Eis porquê no Líbano a Anunciação de Maria é feriado nacional

DILEXIT ECCLESIAM, Gianfrancesco Romano •

Num tempo em que extremismos opostos semeiam a divisão e lançam a morte entre os crentes das diversas religiões, Maria pode constituir um importante ponto de contacto e de proximidade entre os Cristãos e os Muçulmanos. E, não se trata, apenas, de uma possibilidade remota: a Mãe de Jesus, venerada também no Islão, já hoje reune numa única devoção e num clima de fraternidade, pessoas com fé e credos diferentes. Um bonito testemunho vem-nos do Líbano, país multi-religioso até nas instituições – ao ponto de a Constituição prever uma sub-divisão dos principais cargos públicos com base nas religiões – e onde o 25 de Março, Solenidade da Anunciação de Maria é feriado nacional.

Reportamos, de seguida, o artigo publicado pela Agência Fides ( a Agência das Congregações para a evangelização dos povos) na precisa altura da Solenidade:

No Líbano, a actual Solenidade Mariana da Anunciação do Senhor foi proclamada Feriado nacional desde 2010. Também, hoje em dia, em várias igrejas e santuários libaneses, cristãos e muçulmanos vivem juntos actos de veneração que dizem respeito a Nossa Senhora.
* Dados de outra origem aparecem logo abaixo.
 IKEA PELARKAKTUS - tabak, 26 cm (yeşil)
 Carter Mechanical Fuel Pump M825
O Sheik sunita Mohamad Nokkari, professor de direiro islâmico em Beirute, Dubai e Estrasburgo, foi quem, com mais determinação, cultivou e levou a bom termo a intuição de valorizar a veneração a Maria, partilhada por cristãos e muçulmanos, como factor de coesão social e nacional. Um percurso que, nas suas recordações – coligidas pela Agência Fides no decurso de uma viagem ao Líbano organizada graças à Obra Romana de Peregrinações – partiu de solicitações ocasionais muito concretas e para nada académicas: “A minha mulher e eu, ela é francesa” conta à Fides o sheik Nokkari, numa conversa tida na Universidade Saint-Joseph de Beirute “tínhamos, em casa, uma estátua de Nossa Senhora e havia um familiar que, de cada vez que nos vinha visitar, A insultava, escondia-A na casa-de-banho e, uma vez até A partiu em dois bocados. Eu comprei uma outra em metal pesado de modo que, já não pudesse ser danificada”.
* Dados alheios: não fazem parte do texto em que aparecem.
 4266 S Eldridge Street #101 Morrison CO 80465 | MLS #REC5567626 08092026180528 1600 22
Este incidente  familiar contribuiu para fazer nascer no professor sunita a ideia que Maria deveria ser celebrada, em conjunto, por cristãos e muçulmanos. “ Em Lyon falei com o Padre jesuíta Louis Boisset”, diz Mohamad Nokkari, “e verificámos que não havia impedimentos de cariz doutrinal para uma iniciativa deste tipo. Quem melhor que Nossa Senhora, pode reunir cristãos e muçulmanos?” Inicialmente, pensou-se em fazer coincidir a celebração islâmico-cristã de Maria com a Solenidade da Imaculada mas, depois mudámos de ideia, tendo em conta o facto que os cristãos ortodoxos não definiram o Dogma da Imaculada Conceição de Maria. A escolha da data para fazer celebrar Nossa Senhora, conjuntamente por cristãos e muçulmanos, caiu na Solenidade da Anunciação. O Anúncio do Anjo a Maria vem relatado quer, nos Evangelhos quer, no Alcorão, que fala disso em duas Suras diferentes. Maria é a única mulher citada pelo nome no Alcorão por 34 vezes (enquanto que o nome de Maria aparece nos Evangelhos 19 vezes).

A primeira celebração islâmico-cristã da Solenidade da Anunciação foi acolhida no Santuário libanês de Nossa Senhora de Jamhour em 2007. Os líderes políticos ficaram impressionados com a iniciativa e, em 2010 o Primeiro-Ministro Saad Hariri que, ainda agora, é o chefe do Governo, proclamou, o 25 de Março, feriado nacional, o dia em que se celebra a Anunciação. “Por aquela altura”, recorda Nokkari “eu era Secretário do Grande Mufti do Líbano. Quando tomei a iniciativa da celebração conjunta da Mãe de Deus, por cristãos e muçulmanos, geraram-se tensões que levaram à minha demissão”.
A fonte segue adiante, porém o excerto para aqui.